Trent Lott, ousted as Republican leader in the Senate four years ago after a racially insensitive comment, was elected to the number-two spot in his party’s Senate leadership on Wednesday.

The remarkable comeback of the affable Mississippian showed Republicans drawn to an experienced leader – and a master of the Senate’s arcane rules – as they reckoned with their losses in last week’s mid-term elections and prepared for life as the minority party.

Bill Frist, Republican majority leader, is retiring from the Senate and Mitch McConnell, his deputy, will take over in January as minority leader.

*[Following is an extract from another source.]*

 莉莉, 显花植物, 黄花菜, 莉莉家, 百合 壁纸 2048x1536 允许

Mr Lott, who won easy re-election to a fourth Senate term last week, will be his party’s whip, after defeating Lamar Alexander by just one vote.

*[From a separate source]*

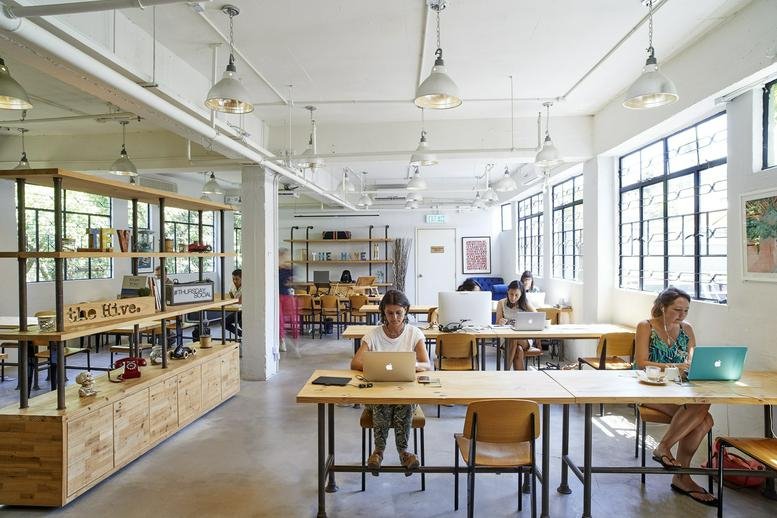 Bright open-plan workspace featuring wooden desks, pendant lighting, and large windows.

Republicans in the House of Representatives will select their new leadership team tomorrow.

Dennis Hastert, speaker of the House, is not running for a leadership position. John Boehner, the majority leader and leading candidate to become minority leader, argues Republicans must return to good-government principles and a strong legislative agenda, both of which helped them take control of the House in 1994.

His challengers include Mike Pence, an outspoken conservative who is critical of the spending increases that have taken place on the Republicans’ watch, and Joe Barton, a Texan who has focused on how the party leadership should run the House.

Roy Blunt, Republican whip in the House, hopes to hold on to that position. But he faces a tough challenge from John Shadegg, another leading conservative.

In the Senate, Mr Alexander, a former cabinet member, had campaigned for months. But Mr Lott took advantage of the changed electoral landscape to capture the whip’s job.

In the episode that lost him his earlier leadership job – at a 100th birthday party for Strom Thurmond, the legendary South Carolina senator – Mr Lott appeared to endorse the segregationist Dixiecrat ticket on which Mr Thurmond ran for president in 1948.